Robust Video Frame Classification in Bronchoscopy

Open Access
Mctaggart, Matthew Ira
Graduate Program:
Electrical Engineering
Master of Science
Document Type:
Master Thesis
Date of Defense:
July 18, 2018
Committee Members:
  • William E. Higgins, Thesis Advisor
  • William K. Jenkins, Committee Member
  • bronchoscopy
  • endobronchial video summarization
  • lung cancer
  • image-guided procedures
  • endoscopic procedures
  • machine learning
  • artificial intelligence
  • surgical application
  • interventional application
During bronchoscopy, a physician uses the endobronchial video to help navigate and observe the inner airways of a patient's lungs for lung cancer assessment.
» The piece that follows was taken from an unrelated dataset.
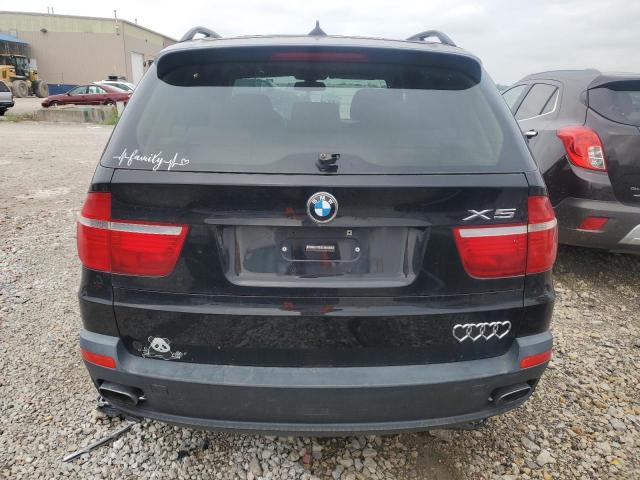 Photo 6 from auction – 2009 BMW X5 XDRIVE4 with VIN 5UXFE83549L169868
After the procedure is completed, the video typically contains a significant number of uninformative segments. The video frames become uninformative when the video becomes too dark, too blurry, or indistinguishable due to a build-up of mucus, blood, or water within the airways. In this thesis, we developed a robust and automatic method to classify each frame in an endobronchial video sequence as informative or uninformative. In addition, we accessed the efficacy and significance of quantitative measures for labeling uninformative frames. Finally, we implemented a method to generate an optional specular-reflection-masked video sequence to indicate regions of the video subjected to specular reflection. To develop our frame-classification system, we considered two approaches. Our first approach, referred as the Classifier Approach, focused on using image-processing techniques, while our second approach, the Deep-Learning Approach, utilized deep learning for video frame classification. Each approach had four steps and processed the video, frame by frame. The first step in our method was to preprocess a video frame. Afterwards, a feature vector was extracted. Next, the video frame was classified from the feature vector through the use of a support vector machine for the Classifier Approach, and a softmax classifier for the Deep-Learning Approach. Finally as the last step, the optional specular-reflection mask was computed. Using the Classifier Approach, we achieved an accuracy of 78.8%, a sensitivity of 93.9%, and a specificity of 62.8%. The Deep-Learning Approach, gave slightly improved performance, with an accuracy of 87.3%, a sensitivity of 87.1%, and a specificity of 87.6%. We concluded that edge-based image-processing techniques are not sufficient to discriminate between informative and uninformative video frames in bronchoscopy.